Plaintiff (π): Association for Molecular Pathology et al.
Defendants (Δ): Myriad Genetics, Inc.
Appellants: Myriad Genetics, Inc.
Respondent: Association for Molecular Pathology et al.
The important facts of the case:
BRCA1 and BRCA2 genes were discovered by Myriad Genetics, Inc. These genes were found to increase the risk of breast and ovarian cancer substantially.
Myriad Genetics Inc. was involved in developing several tests that could detect the gene mutation leading to the increment in the cancer risk.
In addition to this, Myriad took the patent on those genes and took the exclusive rights that could prevent others from
Researching on the topics related to those genes
Conducting tests and establishing labs to conducts the test that was related to those specific genes
Provide any medical services to treat any risks and abnormalities related to those genes.
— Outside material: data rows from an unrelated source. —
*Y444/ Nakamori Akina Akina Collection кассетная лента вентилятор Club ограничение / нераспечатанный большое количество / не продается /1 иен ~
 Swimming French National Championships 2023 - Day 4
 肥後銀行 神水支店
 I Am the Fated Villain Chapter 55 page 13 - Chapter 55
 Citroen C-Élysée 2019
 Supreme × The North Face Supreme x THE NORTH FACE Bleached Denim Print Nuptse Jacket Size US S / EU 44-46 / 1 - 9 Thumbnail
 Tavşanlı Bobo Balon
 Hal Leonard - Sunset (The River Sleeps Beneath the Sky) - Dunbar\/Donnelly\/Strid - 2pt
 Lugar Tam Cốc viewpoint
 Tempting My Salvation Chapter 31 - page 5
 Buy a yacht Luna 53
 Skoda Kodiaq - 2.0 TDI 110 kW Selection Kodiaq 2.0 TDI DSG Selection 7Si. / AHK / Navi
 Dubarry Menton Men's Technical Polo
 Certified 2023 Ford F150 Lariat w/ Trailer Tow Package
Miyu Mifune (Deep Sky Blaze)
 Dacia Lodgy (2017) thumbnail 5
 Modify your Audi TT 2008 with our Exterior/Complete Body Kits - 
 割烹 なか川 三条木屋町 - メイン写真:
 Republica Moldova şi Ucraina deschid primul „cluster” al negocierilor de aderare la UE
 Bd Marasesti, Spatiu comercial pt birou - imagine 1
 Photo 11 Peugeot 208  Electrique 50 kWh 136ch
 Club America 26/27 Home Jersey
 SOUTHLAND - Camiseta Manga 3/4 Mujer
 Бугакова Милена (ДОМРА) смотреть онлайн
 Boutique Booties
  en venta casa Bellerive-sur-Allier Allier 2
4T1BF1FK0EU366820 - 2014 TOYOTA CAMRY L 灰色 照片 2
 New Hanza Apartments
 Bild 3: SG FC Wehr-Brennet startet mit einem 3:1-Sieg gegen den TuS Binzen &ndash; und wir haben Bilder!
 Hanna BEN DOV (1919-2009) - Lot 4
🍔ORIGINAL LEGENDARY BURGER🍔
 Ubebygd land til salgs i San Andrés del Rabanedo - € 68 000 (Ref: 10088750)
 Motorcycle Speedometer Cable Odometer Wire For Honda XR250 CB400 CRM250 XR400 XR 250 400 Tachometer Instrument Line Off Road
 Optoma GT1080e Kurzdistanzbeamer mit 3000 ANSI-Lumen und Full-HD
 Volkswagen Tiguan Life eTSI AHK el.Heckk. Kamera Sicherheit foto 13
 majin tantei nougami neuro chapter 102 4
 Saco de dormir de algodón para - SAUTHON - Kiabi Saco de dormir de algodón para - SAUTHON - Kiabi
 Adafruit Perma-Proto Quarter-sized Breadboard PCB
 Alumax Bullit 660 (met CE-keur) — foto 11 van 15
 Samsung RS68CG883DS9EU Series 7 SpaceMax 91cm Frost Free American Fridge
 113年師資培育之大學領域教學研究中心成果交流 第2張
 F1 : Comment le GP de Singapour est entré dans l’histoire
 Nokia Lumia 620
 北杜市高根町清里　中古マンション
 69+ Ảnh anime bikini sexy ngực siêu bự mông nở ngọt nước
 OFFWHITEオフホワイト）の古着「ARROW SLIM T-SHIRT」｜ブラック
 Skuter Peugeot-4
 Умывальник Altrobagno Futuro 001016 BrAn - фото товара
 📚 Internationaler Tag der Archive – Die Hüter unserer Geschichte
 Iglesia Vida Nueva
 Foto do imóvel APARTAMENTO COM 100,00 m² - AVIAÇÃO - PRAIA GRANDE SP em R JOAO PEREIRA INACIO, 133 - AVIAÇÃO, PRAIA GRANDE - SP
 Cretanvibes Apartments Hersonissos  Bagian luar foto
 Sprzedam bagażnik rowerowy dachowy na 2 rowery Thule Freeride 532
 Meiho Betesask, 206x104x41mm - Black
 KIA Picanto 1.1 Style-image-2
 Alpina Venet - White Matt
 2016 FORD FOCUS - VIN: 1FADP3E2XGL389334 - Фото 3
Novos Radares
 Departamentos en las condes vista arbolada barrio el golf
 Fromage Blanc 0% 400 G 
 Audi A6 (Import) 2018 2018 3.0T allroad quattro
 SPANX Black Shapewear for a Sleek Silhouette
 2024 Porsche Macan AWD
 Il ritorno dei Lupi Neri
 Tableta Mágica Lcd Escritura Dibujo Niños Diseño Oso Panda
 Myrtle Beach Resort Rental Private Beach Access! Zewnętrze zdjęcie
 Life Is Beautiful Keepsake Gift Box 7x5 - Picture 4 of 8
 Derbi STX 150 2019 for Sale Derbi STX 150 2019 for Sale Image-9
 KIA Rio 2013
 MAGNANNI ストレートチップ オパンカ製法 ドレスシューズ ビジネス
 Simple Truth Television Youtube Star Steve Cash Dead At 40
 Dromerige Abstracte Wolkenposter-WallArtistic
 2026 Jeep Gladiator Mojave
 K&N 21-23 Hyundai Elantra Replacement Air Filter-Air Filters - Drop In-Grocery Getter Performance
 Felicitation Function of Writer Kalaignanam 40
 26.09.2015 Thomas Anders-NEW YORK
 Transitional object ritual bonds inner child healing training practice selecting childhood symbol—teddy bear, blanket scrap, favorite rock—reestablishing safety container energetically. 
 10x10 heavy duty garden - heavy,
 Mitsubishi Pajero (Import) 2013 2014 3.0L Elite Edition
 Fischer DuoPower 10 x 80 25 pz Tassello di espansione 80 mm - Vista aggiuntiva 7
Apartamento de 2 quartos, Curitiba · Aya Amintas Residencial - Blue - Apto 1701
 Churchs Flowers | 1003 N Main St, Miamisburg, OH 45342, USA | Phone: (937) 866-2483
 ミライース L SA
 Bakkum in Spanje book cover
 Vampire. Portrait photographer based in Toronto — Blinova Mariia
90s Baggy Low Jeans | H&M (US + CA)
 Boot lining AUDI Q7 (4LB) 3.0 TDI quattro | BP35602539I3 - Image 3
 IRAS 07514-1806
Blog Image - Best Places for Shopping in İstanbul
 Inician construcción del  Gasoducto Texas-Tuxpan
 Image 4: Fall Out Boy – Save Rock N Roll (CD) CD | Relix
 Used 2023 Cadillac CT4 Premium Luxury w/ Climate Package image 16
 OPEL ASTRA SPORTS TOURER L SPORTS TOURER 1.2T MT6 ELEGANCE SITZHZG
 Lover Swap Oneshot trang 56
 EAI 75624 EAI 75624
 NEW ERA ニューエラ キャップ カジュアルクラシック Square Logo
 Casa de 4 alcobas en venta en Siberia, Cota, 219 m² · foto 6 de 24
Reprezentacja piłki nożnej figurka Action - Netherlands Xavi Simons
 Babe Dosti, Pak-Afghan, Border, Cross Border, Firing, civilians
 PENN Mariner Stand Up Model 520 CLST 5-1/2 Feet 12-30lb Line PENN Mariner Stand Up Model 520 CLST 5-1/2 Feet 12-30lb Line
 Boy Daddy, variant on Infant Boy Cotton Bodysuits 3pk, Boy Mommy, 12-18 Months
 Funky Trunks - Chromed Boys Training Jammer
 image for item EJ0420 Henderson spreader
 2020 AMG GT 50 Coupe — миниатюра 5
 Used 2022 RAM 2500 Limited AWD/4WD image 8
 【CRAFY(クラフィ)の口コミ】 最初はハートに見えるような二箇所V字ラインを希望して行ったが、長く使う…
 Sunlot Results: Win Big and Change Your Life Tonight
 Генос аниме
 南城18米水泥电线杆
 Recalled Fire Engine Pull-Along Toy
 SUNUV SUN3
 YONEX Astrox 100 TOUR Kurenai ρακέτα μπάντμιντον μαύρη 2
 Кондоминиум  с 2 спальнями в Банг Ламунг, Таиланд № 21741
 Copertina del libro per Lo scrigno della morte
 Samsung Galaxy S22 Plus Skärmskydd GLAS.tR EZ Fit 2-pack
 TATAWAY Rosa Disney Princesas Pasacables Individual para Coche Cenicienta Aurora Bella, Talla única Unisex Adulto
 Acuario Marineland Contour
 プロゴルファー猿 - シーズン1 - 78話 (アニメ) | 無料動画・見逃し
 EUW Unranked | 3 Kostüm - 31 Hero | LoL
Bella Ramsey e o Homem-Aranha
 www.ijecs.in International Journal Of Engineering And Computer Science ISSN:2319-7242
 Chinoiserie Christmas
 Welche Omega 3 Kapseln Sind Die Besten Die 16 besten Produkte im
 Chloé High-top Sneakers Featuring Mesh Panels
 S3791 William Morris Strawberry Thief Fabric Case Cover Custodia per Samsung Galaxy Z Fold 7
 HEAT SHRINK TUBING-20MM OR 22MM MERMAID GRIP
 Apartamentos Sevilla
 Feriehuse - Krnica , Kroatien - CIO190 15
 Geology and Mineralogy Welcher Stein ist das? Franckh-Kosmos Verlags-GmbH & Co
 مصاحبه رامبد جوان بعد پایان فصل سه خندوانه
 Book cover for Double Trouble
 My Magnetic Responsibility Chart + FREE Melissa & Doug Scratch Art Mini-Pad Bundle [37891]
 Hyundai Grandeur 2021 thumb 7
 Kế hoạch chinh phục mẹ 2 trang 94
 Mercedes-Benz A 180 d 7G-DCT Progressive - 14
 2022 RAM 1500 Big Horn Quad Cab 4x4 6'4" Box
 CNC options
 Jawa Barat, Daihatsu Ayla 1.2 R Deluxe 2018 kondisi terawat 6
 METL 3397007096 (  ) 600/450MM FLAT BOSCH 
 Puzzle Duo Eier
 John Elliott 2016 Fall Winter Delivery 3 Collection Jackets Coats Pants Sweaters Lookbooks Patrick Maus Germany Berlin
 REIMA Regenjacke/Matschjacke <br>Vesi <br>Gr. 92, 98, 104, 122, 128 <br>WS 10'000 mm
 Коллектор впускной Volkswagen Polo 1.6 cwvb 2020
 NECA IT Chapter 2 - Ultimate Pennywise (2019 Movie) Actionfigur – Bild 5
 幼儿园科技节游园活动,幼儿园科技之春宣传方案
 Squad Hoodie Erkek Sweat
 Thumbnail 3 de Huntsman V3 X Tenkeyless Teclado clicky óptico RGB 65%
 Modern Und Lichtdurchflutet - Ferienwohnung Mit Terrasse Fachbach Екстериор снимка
Apart from that, the patent would exclusively permit Myriad to isolate the BRCA1 and BRCA2 genes from an individual and create BRCA cDNA synthetically.
As a result, a coalition of medical practitioners filed a case against this Myriad stating that the patents held by Myriad were invalid.
The procedural history of the case:
The case was initially heard at Southern district Court of New York, and the verdict was that all the patents held by Myriads regarding this case were not valid.
Myriad appealed to United States Court of Appeals for the Federal Circuit where the decision from district court was overturned based on the logic that the DNA do not exist independently. It should be isolated based on the ability of the researcher and thus, can be patented.
Against the decision of this decision, plaintiffs filed the appeal in the Supreme Court. The case was handed over to Federal Circuit, but the decision was not changed. Then, plaintiffs filed this certiorari in the Supreme Court for the decision.
The Supreme Court agreed to hear the appeal from plaintiff against Federal circuit.
The final decision was not in anyone’s favor. Some claims of the plaintiffs were accepted, and some claim of the defendant was accepted.
The legal issue(s) that the Supreme Court was called upon to decide:
Whether or not the genes isolated should be patented or not?
Is it good to provide patents to limit or prohibit others from conducting medical tests, isolate genes and conduct studies regarding those genes?
The Court’s ruling(s).
The Supreme Court agreed to the limit with the petitioners. The Supreme Court ruled the decision against the Myriad Genetics, Inc. Supreme Court stated that no organization can file or obtain the patent by just isolating and identifying the sequence of the gene. However, all the methods that were related to the gene sequences, the copies and the derivatives of the sequence were left open for the purpose of additional review.
The reasons supporting (explaining) why the Court ruled as it did.
According to the court, there was nothing created. The patents can only be registered if and only if there was something new created. There must be something invented or discovered. But, in this situation, there was nothing created. The genes are naturally existing substance, and these genes are not invented by any process. The DNAs are naturally existing, and any segment of DNA is naturally existed in nature hence, it cannot be patented. However, the synthesis of cDNA can be patented because it does not exist naturally.